TNF is highly expressed in the Sh3bp2 gain-of-function mutant DCs and macrophages. (a,b) Bone marrow cells were isolated from 14- to 15-week-old WT, Sh3bp2^KI/+, Fas^lpr/lpr, and Sh3bp2^KI/+Fas^lpr/lpr mice and pre-cultured with GM-CSF (20 ng/mL) and IL-4 (5 ng/mL) for 8 days; resulting BMDCs were used for the experiments. (a) Tnf mRNA levels relative to that of Hprt were determined by qPCR. (b) TNF protein levels in culture supernatants. Culture supernatants were collected at the end of BMDC culture, and TNF levels were determined by ELISA. (c) Tnf mRNA expression in BMMs.
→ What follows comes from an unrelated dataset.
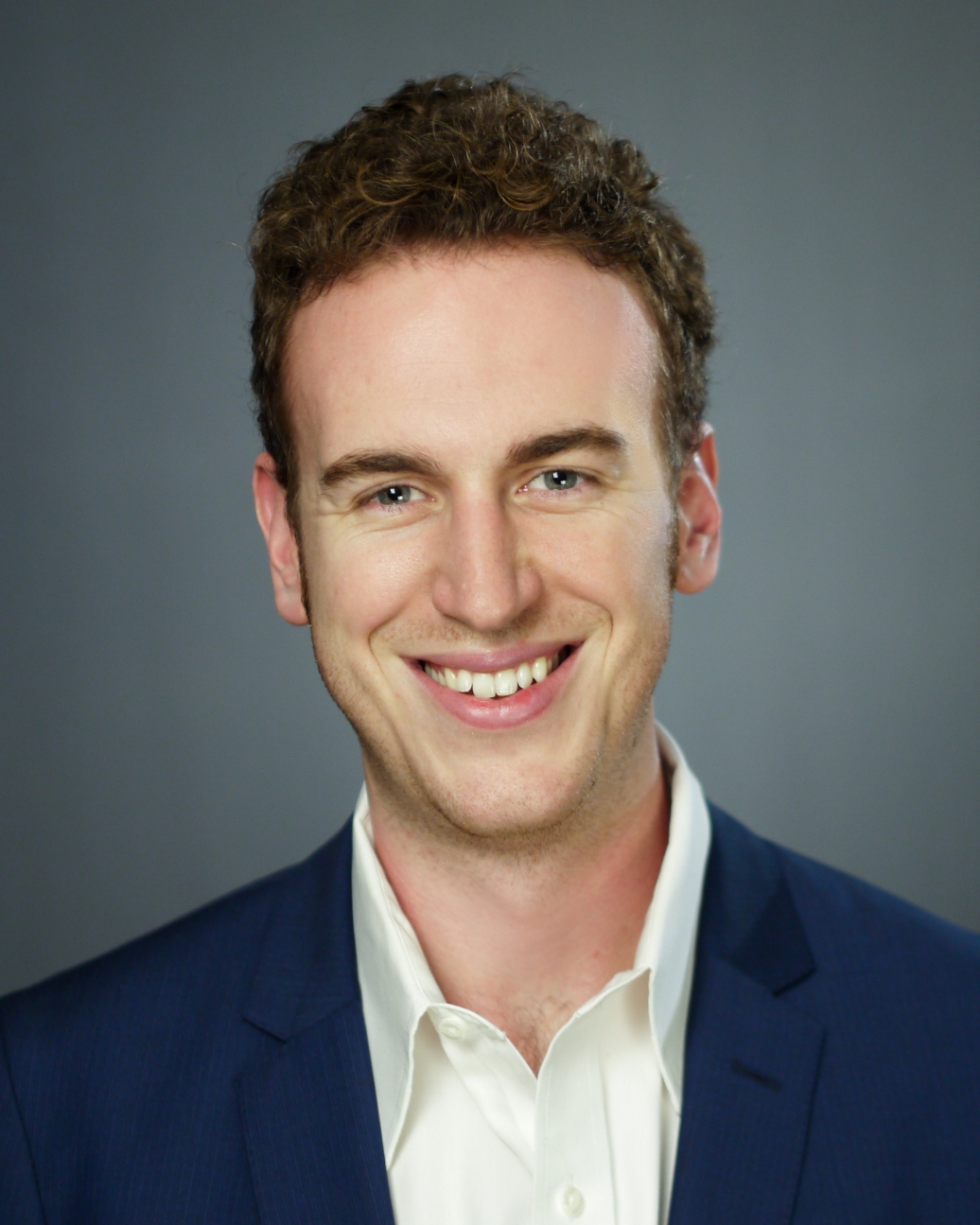 Man smiling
Bone marrow cells were isolated from 10- to 12-week-old WT, Sh3bp2^KI/+, Fas^lpr/lpr, and Sh3bp2^KI/+Fas^lpr/lpr mice and stimulated with M-CSF (25 ng/mL) for 2 days, after which the yielded BMMs were treated with LPS (1 ng/mL) in the presence of M-CSF (25 ng/mL). Tnf mRNA levels relative to that of Hprt were determined by qPCR. (d) Phagocytic capacity of BMMs. Apoptotic Jurkat cells were labeled with pH-sensitive fluorescent dye and co-cultured with BMMs, followed by the measurement of fluorescence intensity derived from the engulfed apoptotic cells. Values are presented as the mean ± SD. Note: * P < 0.05. SH3BP2, SH3 domain-binding protein 2; WT, wild-type; KI, knock-in; BMDC, bone marrow-derived dendritic cell; BMM, bone marrow-derived macrophage; GM-CSF, granulocyte-macrophage colony stimulating factor; M-CSF, macrophage colony stimulating factor; IL-4, interleukin-4; LPS, lipopolysaccharide; Hprt, hypoxanthine phosphoribosyltransferase.